I am reading “Ulysses” by James Joyce, regarded as one of the great works.
What does James Joyce say about customer experience?
Well, honestly, he doesn’t address customer experience directly, but offers a powerful lesson nonetheless. In “Ulysses”, Joyce makes repeated use of a writing technique called internal narrative, i.e., writing what the character hears inside his head, his ‘inner voice’. Much of the internal narrative is nearly gibberish to the reader. Yet does Joyce mean to say that internal narrative is gibberish? I don’t think so …

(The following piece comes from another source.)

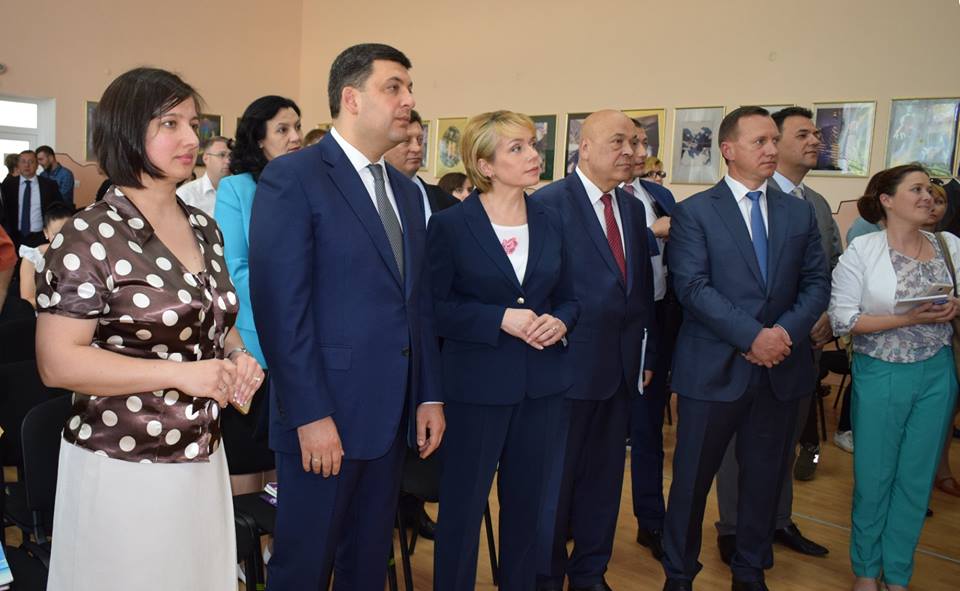 Гройсман навідався з візитом до "угорської" школи в Ужгороді (ФОТО)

To that person, their internal narrative is very sensible, rational, and linear … A leads to B, connections are immediately obvious, and the interplay of past events, the present, and possible futures all fit like puzzle pieces. However, if I try to read another person’s internal narrative in print, it may seem like … gibberish. And that, I think, might be what Joyce had in mind. Each mind has its own inner grammar, vocabulary, and context, and it doesn’t ‘travel well’ outside of our thoughts, so much so that humankind developed written and spoken languages that follow ground rules so we can translate our inner speech into something that another person has a fighting chance of understanding.
The connection to customer experience is clear. For all the well-intentioned efforts to ‘get in the head’ of a customer, it’s not so simple. Even simple subjects are in reality complex assemblies of thoughts, some on point but other contradictory and even random, or at least seemingly so to another person. Yet out of this we expect a rational single-threaded insight or answer from our research.
To some extent this may seem counter to much of the innovation currently unfolding in customer experience, yet not really. Joyce isn’t telling us to do stop doing whatever we can to gather facts about customers. But he may be saying that if someone claims to be able to ‘know’ a person’s internal narrative, watch out. Better to engage, observe, and ask questions rather than believe we can make sense of another person’s inner narrative by analyzing data about them. Data bases may be useful guideposts, but they are not going to tell you what a specific person needs of you in a specific situation; for that insight, a human connection is required. And we need to be open to situations where aggregated data actually infers the opposite of what deep connections tell us and be ready to revisit our expectations accordingly. Come to think of it, this is good advice in life, and it may even help us to get along with holiday houseguests.
What great works have given you insights and inspiration in your customer experience journey?